Desmond Doig and Dubby Bhagat’s two books should be an important part of everyone’s personal library for a chapter-by-chapter guide to explore Kathmandu Valley
Just a few pages into Down History’s Narrow Lanes a sense of melancholy sets in, a feeling of loss wells up. Turning a page, we find that Desmond Doig’s exquisite line drawing of iconic Kasthamandap (right) is in the past tense.
Doig painted and drew a Kathmandu Valley he loved to accompany text researched by Dubby Bhagat about the temples and shrines that were slowly being blotted by urbanisation. Now they lie largely in ruins after the April earthquake. Doig died in 1983, but left his sketches as a testament to the value of our civilisation in two books, Down History’s Narrow Lanes and the larger coffee table edition, My Kind of Kathmandu.
But what earthquake couldn’t take from us are our heritage, festivals, and way of life. What it couldn’t shake is our faith. Doig was a renaissance man, and understood Nepal better than most Nepalis know themselves and their culture.
Thirty years ago, he wrote: ‘Every monument in Kathmandu has a myth, every temple tells a tale.’ The Valley people still derive their rituals and festivals from them and their lives are irrevocably connected to them. The temples are just symbols, they may have come down, but the Gods in it are safe.
The Machhindranath festival would have been in full swing at this time of the year, but the chariot is still in Chyasikot, exactly where it came to a halt on 25 April.
Popular myths of doom and destruction have always surrounded Machhindranath if the journey is disrupted for any reason. In the chapter ‘The Jewelled Gift of a Snake God’ Doig and Bhagat take us on a journey to discover the myth of Machhindranath, the story of the fabled bhoto, and how a deity from Assam came to be associated with life-giving rain.
My Kind of Kathmandu
An artist's impression of an emerald valley
By Desmond Doig and Dubby Bhagat
Harper Collins India 1994
For many Nepalis, Dharara was a monument that represented Kathmandu. When it came down, killing at least 60 people, the symbol vanished. There were stories of tragic, chance deaths and also tales of miraculous survivals. Doig tells us in the chapter ‘Where the Serpents Breathe Fire’ that Prime Minister Bhimsen Thapa originally built two towers to serve as gates to his palace and as military lookouts. They came down in the 1833 quake, and only one was rebuilt, which was also destroyed in 1934.
Down History’s Narrow Lanes takes us back to old Kathmandu with Doig’s quintessential drawings of the Valley’s temples and monuments, and the tales that will spellbind readers. The fall of many of these monuments in the earthquake truly give us a feeling of emptiness.
But not everything is lost. Bhaktapur, described as ‘The City Vishnu May Have Built’ is still magical in its unique charm despite the destruction in April. Of all the ancient cities of the Kathmandu Valley, Bhaktapur is the least changed despite the Valley’s unplanned growth.
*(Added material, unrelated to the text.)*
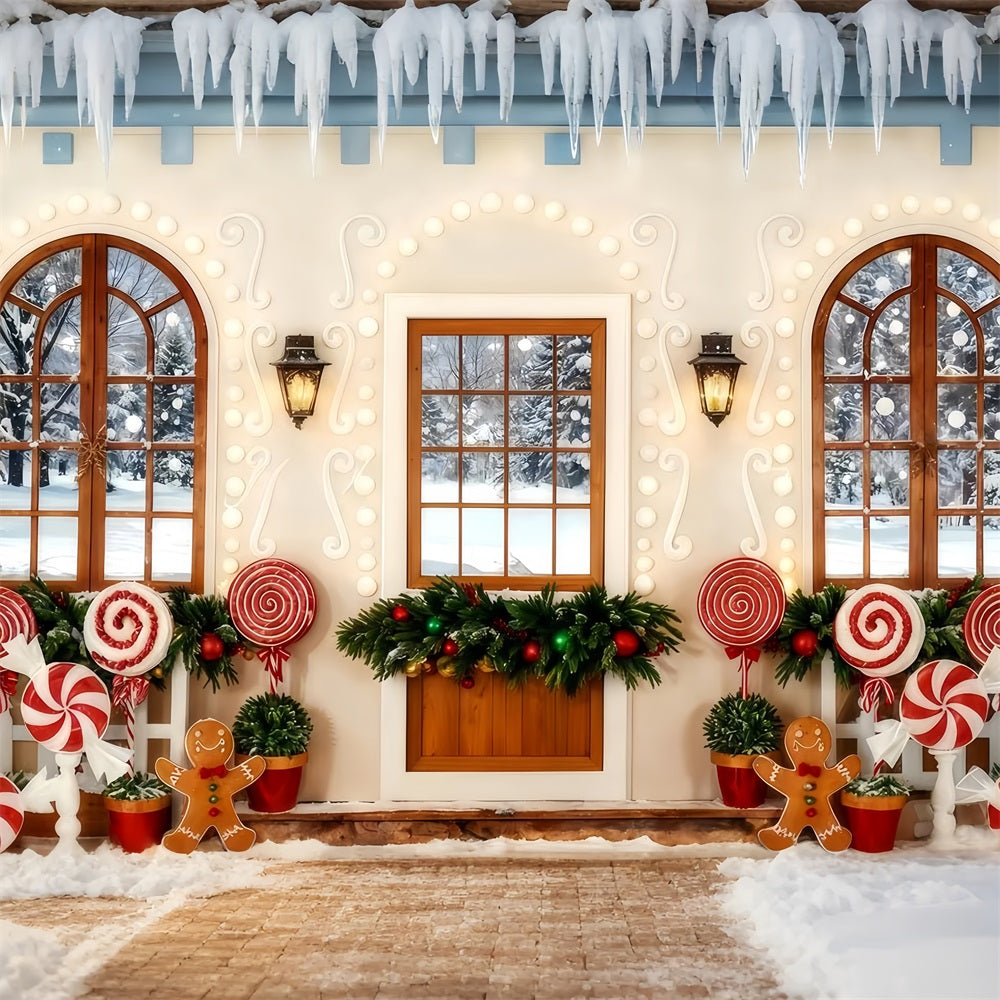Gingerbread Backdrop Candy Cane Gingerbread Porch Christmas Backdrops Sale UK TWW510-100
Nyatapola, built in 1702, withstood many earthquakes including the latest.
The golden temple of Patan and the house of the Living Goddess in Kathmandu, both featured and sketched in the books, are intact, as are the stupas of Swayambhu and Boudha (albeit in scaffolding) with the Buddha’s eyes still piercing one’s soul.
Sketches and myths of the Kathmandu valley, Kathmandu as it was then
By Desmond Doig and Dubby Bhagat
Harper and Row,
246 Pages, 2009
Down History’s Narrow Lanes and My Kind of Kathmandu transport us to the alleyways of Newar Kathmandu filled with ancient houses with intricate wooden carvings, farmers carrying fresh vegetables, traders selling ghee and oil in their clay pots and people walking down the streets in traditional haku patasi and daura suruwal. That Kathmandu is still there, despite the traffic and noise.
The books tell us about the shrines we pass by every day, their tales and our beliefs, and teach us to treasure even more what is left. It reminds us that we are blessed with art, culture and history and we have it within us to rebuild ourselves what is ours.
First published in 1999 and reprinted in 2009, both books now, more than ever before, should be an important part
of everyone’s personal library for a chapter-by-chapter guide to explore Kathmandu Valley.
Desmond Doig spent much of his life in Nepal. Dubby Bhagat lives in Kathmandu. Nepali Times carried weekly installments of Doig’s book from 2000-2005.